* **Description of the task**:
From the line with "Discount Stivaletti tacco" to the line with "ピンク 40 レディース", output every line below exactly, both ends included. Skip the pictures.

* **Dataset records**:
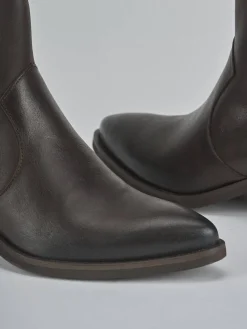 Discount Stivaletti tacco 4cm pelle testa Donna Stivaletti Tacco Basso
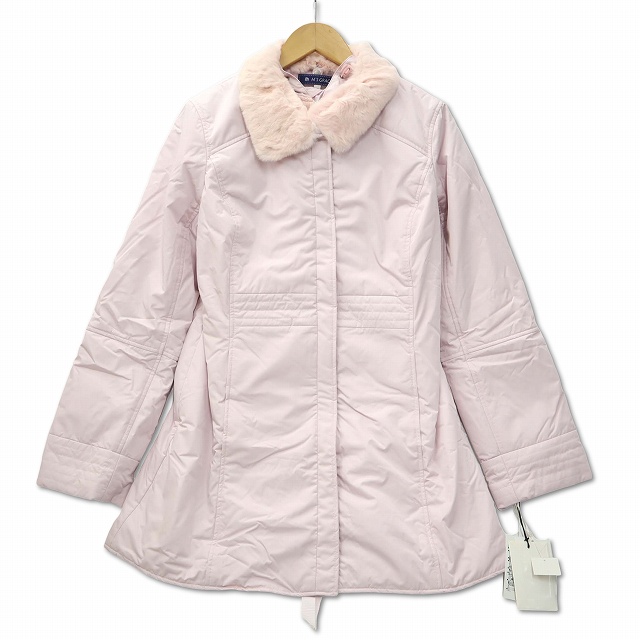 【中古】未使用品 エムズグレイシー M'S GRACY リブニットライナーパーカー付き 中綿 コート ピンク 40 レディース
...
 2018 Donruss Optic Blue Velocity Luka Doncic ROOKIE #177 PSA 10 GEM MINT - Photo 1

* **Answer area**:
 Discount Stivaletti tacco 4cm pelle testa Donna Stivaletti Tacco Basso
 【中古】未使用品 エムズグレイシー M'S GRACY リブニットライナーパーカー付き 中綿 コート ピンク 40 レディース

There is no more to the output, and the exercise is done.